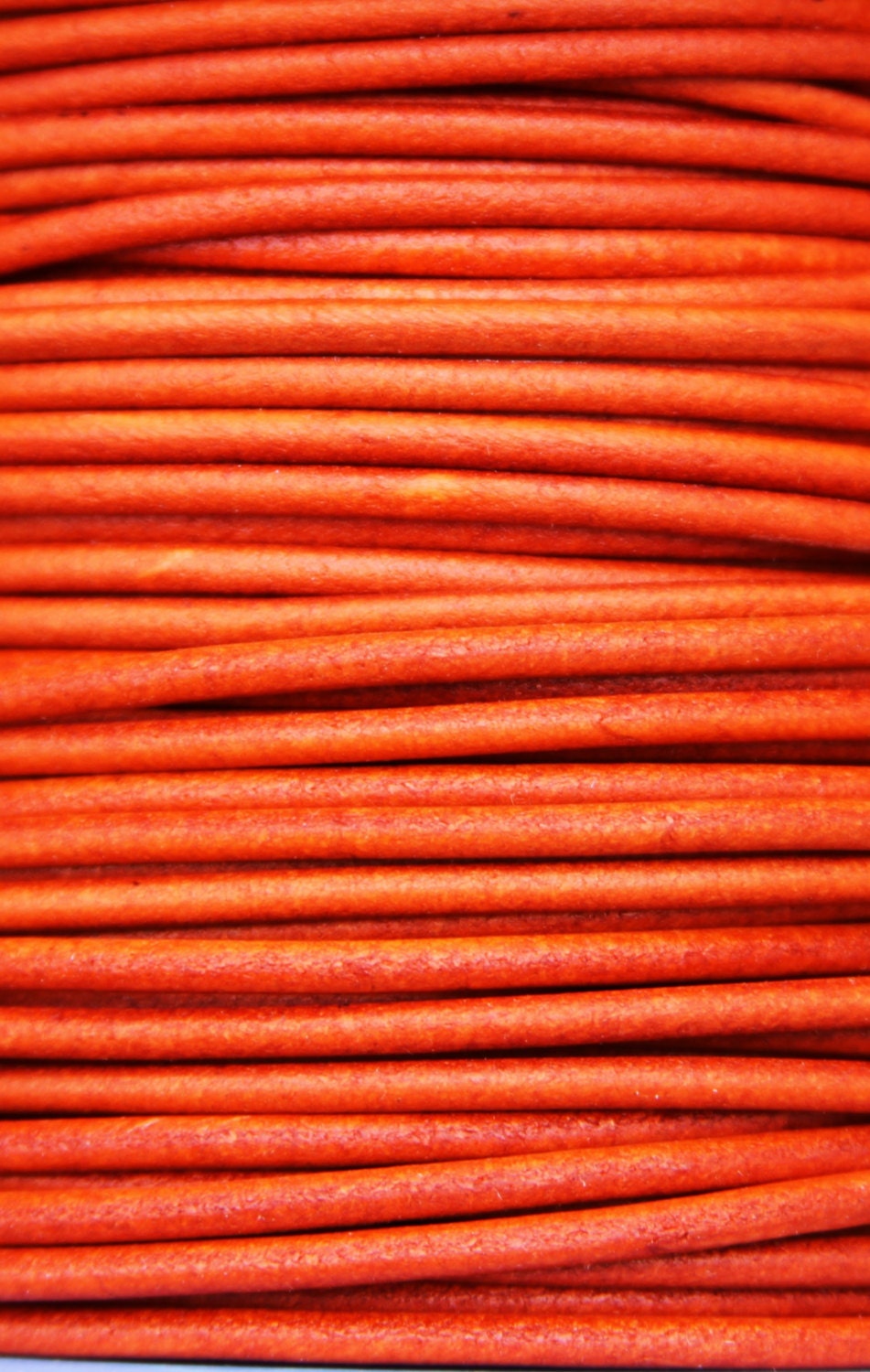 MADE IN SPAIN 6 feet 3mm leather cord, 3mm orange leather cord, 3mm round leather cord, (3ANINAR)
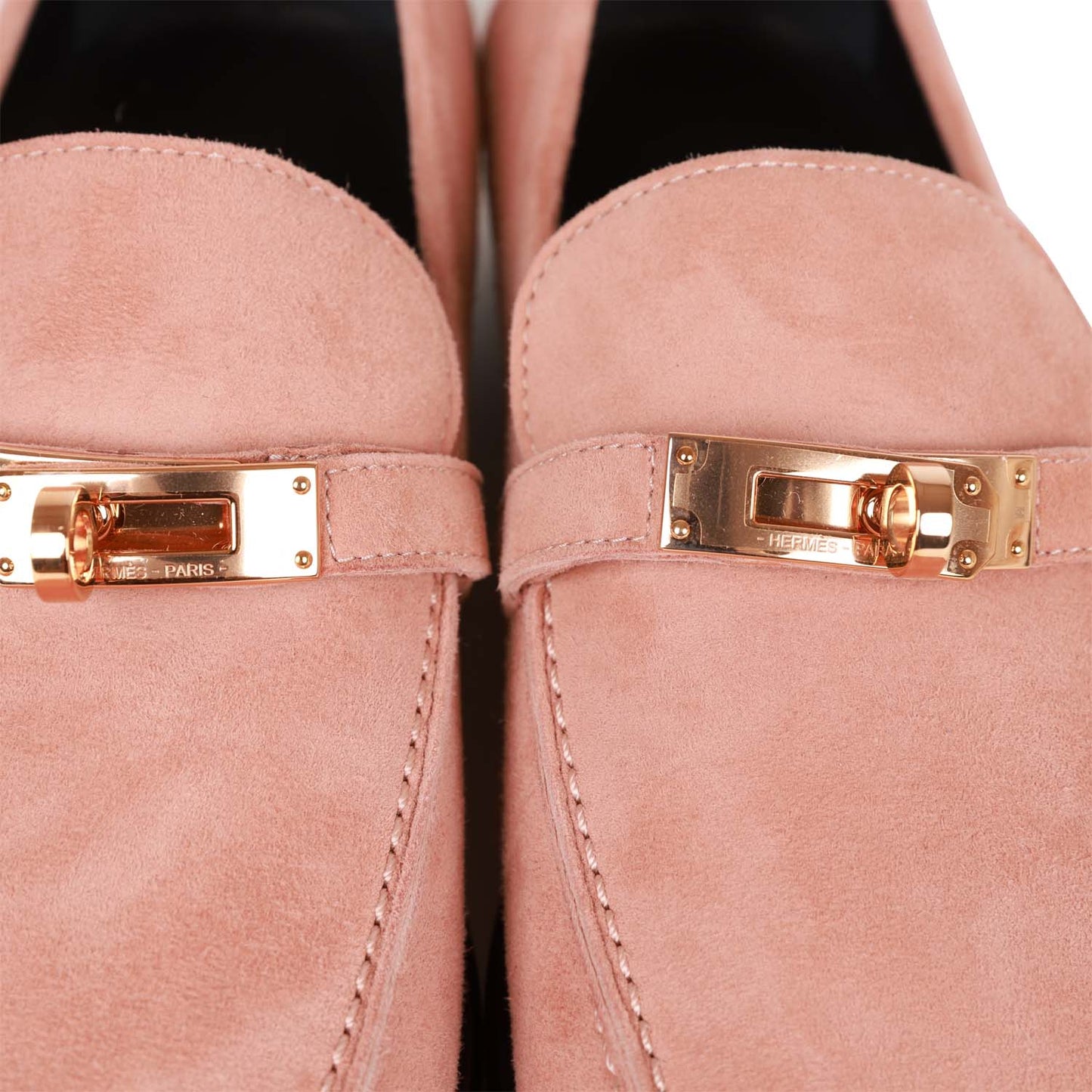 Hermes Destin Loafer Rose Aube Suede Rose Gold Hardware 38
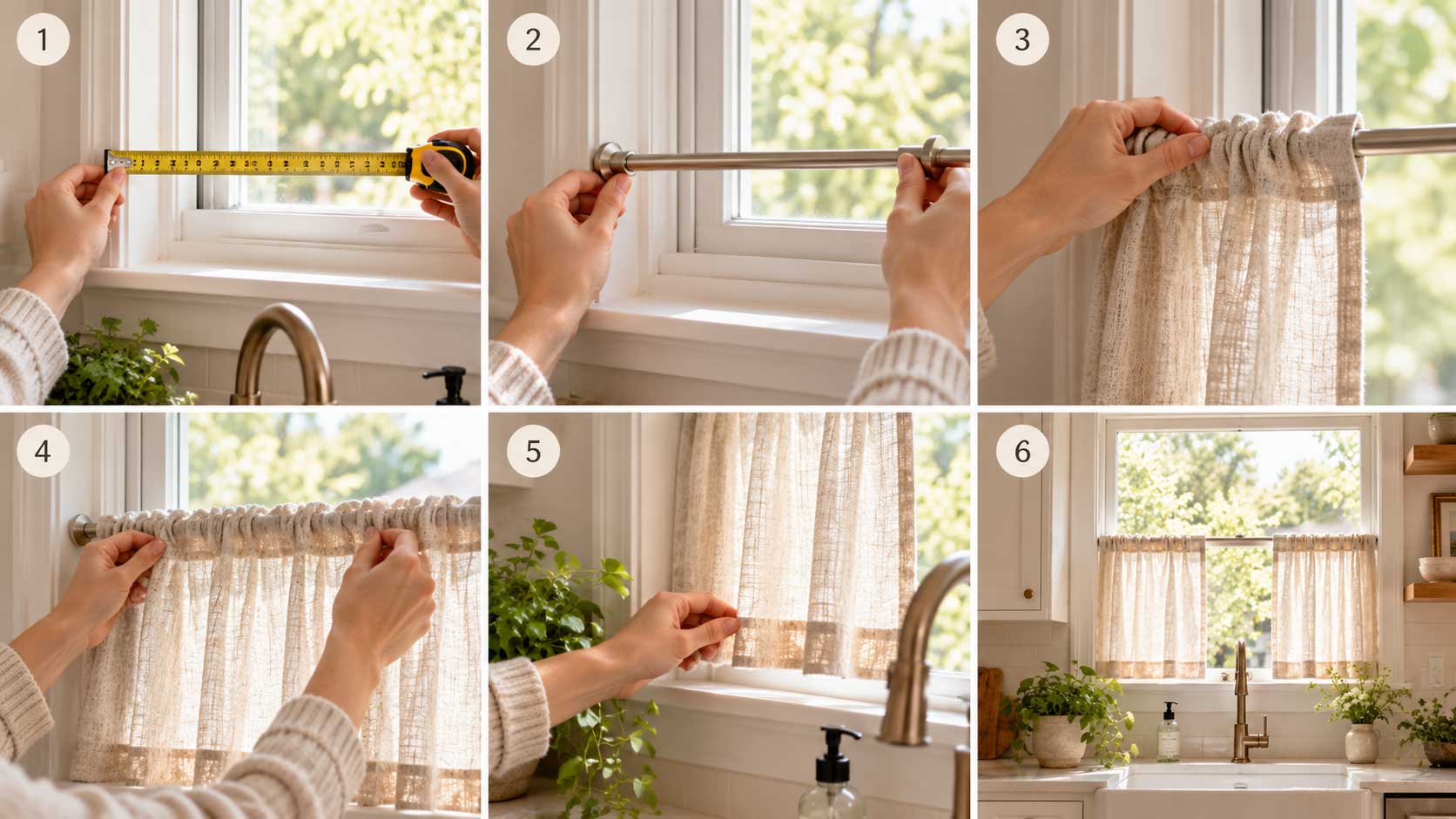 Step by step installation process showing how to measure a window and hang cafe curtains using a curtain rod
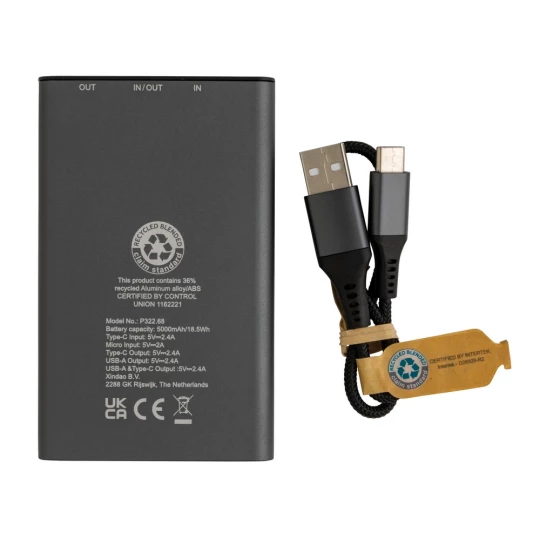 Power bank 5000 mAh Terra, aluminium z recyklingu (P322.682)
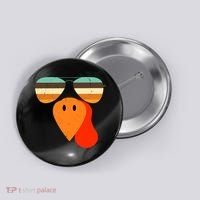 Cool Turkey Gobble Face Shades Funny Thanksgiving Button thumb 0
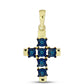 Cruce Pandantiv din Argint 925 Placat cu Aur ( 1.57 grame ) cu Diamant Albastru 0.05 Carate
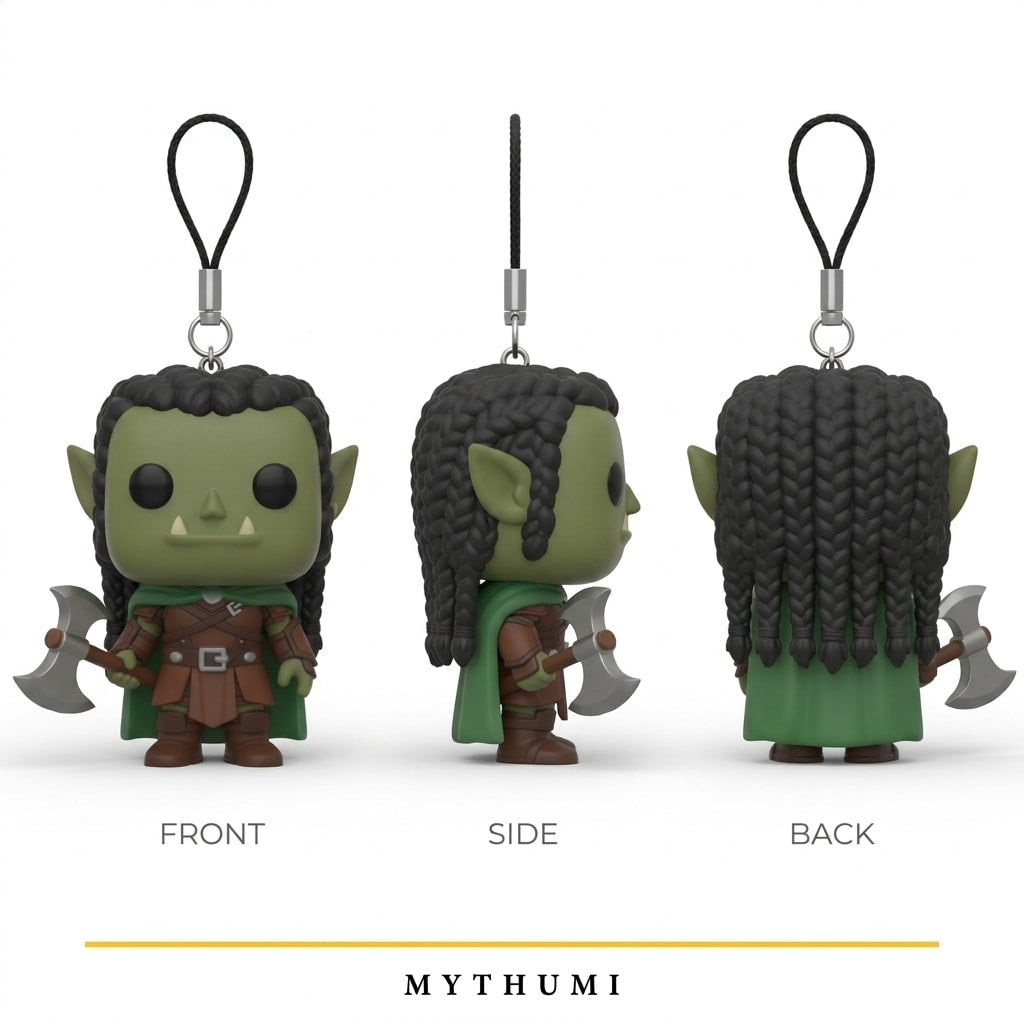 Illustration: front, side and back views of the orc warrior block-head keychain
________________________________________
ABOUT THIS TASK
Leave out all pictures and output each line exactly, from the top of the records through the line that holds "Cruce Pandantiv din".

RESULT OF THE EXERCISE
 MADE IN SPAIN 6 feet 3mm leather cord, 3mm orange leather cord, 3mm round leather cord, (3ANINAR)
 Hermes Destin Loafer Rose Aube Suede Rose Gold Hardware 38
 Step by step installation process showing how to measure a window and hang cafe curtains using a curtain rod
 Power bank 5000 mAh Terra, aluminium z recyklingu (P322.682)
 Cool Turkey Gobble Face Shades Funny Thanksgiving Button thumb 0
 Cruce Pandantiv din Argint 925 Placat cu Aur ( 1.57 grame ) cu Diamant Albastru 0.05 Carate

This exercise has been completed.